The IDF attacks against Hezbollah have so far been met with hesitant responses, considering the terrorist group’s bellicose statements throughout the war, according to which if Israel dared to strike Lebanon, it would suffer seven-fold attacks. Hezbollah’s general silence has so far been broken only by an embarrassing speech that was delivered by Hassan Nasrallah’s interim successor Naim Qassem, who looked fatigued and couldn’t stop wiping the sweat from his brow, probably because the air conditioning was out in his bunker.
צפו ב-סרטון מיוחד מתוך הנאום של ׳נעים קאסם׳
דייי נעים! זה לא נעים לנו בבקשה אל תבכה?מצורף פסקול נחמד תגבירו סאונד. pic.twitter.com/RobZPvryrn
— מה חדש. What’s new❓ (@Gloz111) September 30, 2024
A little over a year ago, as the IDF was preparing for the possibility of a security escalation in Lebanon, the scenarios anticipated thousands of missiles and rockets that would be launched at Israel every day, damaging significant components of its infrastructure. According to one such scenario, Hezbollah was capable of firing 6,000 rockets in a few days.

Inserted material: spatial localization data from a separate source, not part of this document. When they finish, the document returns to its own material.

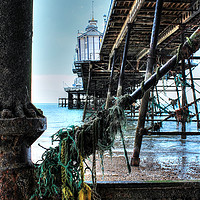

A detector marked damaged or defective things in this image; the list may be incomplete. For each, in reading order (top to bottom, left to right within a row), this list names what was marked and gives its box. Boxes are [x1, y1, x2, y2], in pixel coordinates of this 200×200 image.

rusty iron pillar [0, 0, 46, 199]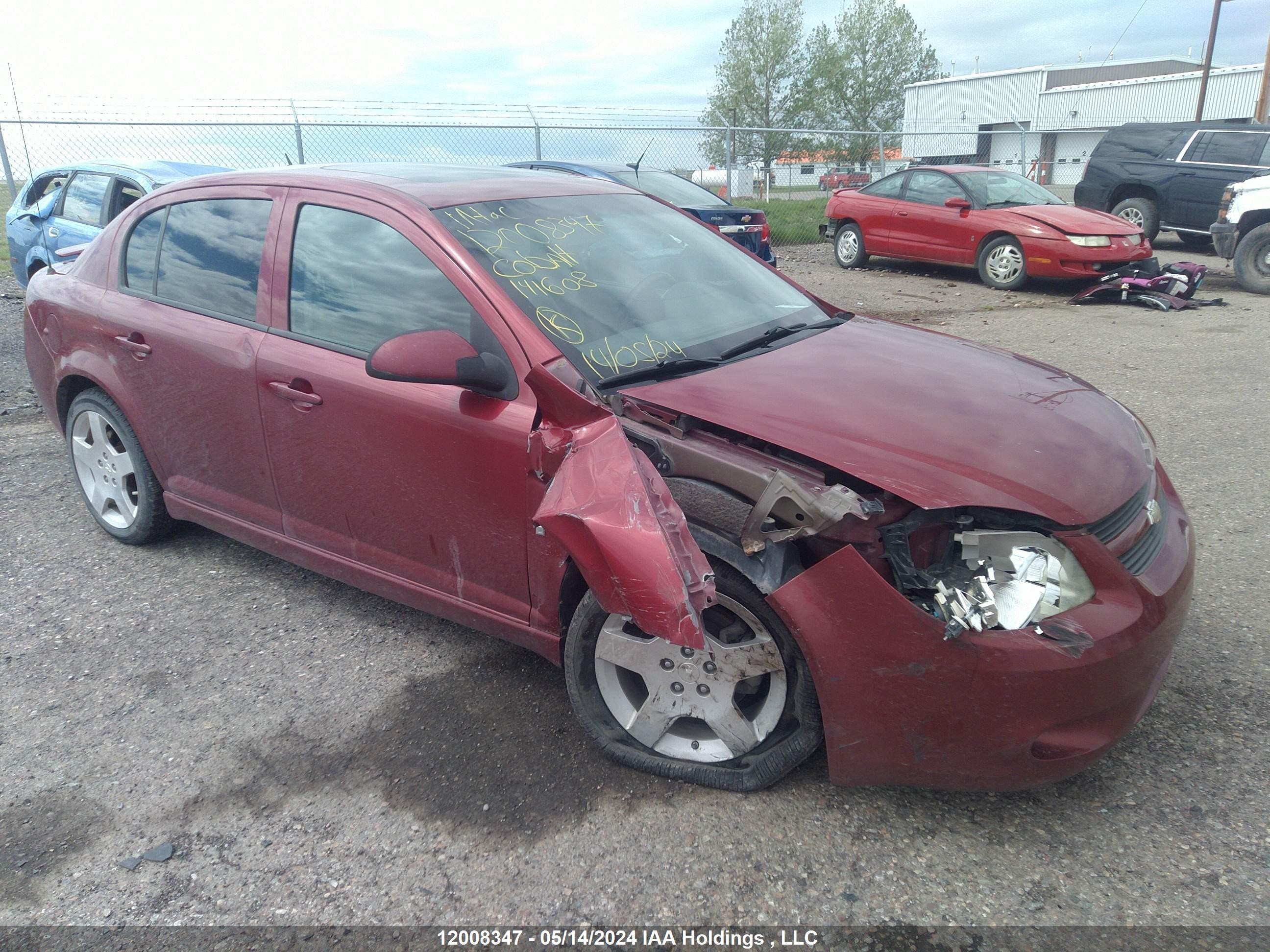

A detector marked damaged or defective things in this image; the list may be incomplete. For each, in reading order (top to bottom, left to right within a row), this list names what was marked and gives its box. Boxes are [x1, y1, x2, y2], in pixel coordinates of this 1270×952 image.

red damaged sedan [823, 166, 1153, 289]
red damaged sedan [20, 162, 1189, 792]
crumpled front fender [526, 365, 716, 650]
exposed headlight assembly [929, 530, 1097, 642]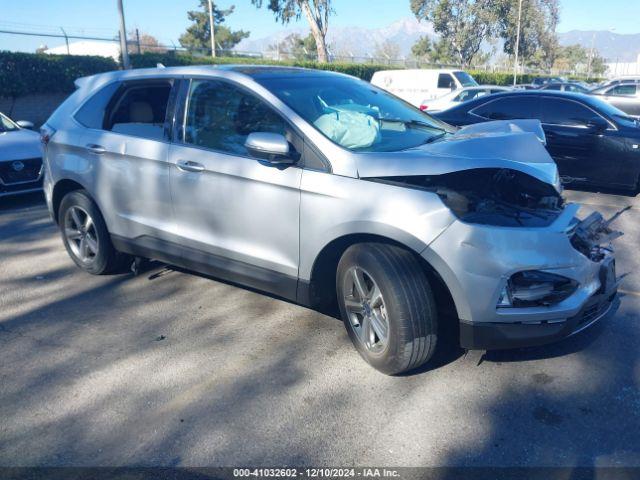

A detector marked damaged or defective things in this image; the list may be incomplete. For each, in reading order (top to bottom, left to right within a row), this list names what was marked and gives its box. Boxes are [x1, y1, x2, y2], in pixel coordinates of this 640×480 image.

crumpled hood [0, 128, 42, 162]
crumpled hood [358, 119, 556, 188]
damaged front end [368, 168, 564, 228]
damaged front bumper [420, 204, 624, 350]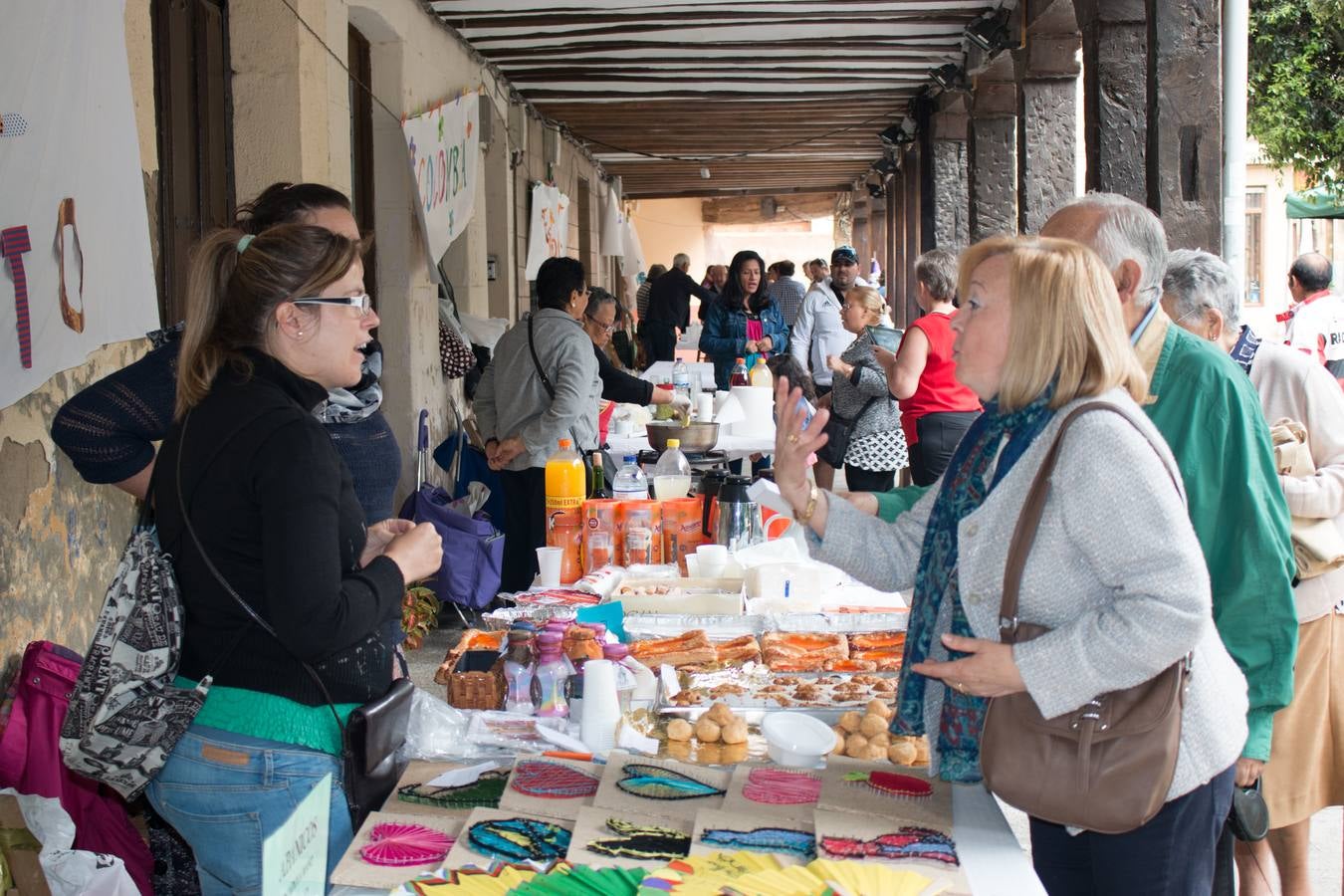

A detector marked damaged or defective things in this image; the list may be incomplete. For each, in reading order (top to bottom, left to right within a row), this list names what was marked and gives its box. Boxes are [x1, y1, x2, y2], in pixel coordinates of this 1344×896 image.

peeling plaster wall [0, 0, 158, 671]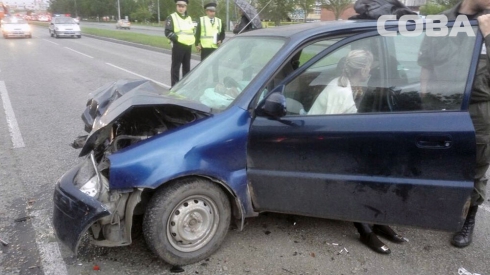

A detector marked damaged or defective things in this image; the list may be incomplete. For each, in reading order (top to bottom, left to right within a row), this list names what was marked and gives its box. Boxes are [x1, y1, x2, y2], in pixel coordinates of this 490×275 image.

I recall a recent clash between two senior officials of the electric company over how many days Israelis would spend in the dark during a war with Hezbollah. Both were certain the country would be without electricity, but the one who predicted two weeks was chided by his colleague who said only three days.
Lebanon is Israel’s PTSD. So many IDF soldiers lost their lives there since 1982, in two wars, one lasting 18 years, the other only 34 days, but both yielding no long-term relief for the residents of upper Galilee. This is why even as I’m writing this report about Hezbollah effectively out of the picture, I’m tempted to add stuff like, “God willing.”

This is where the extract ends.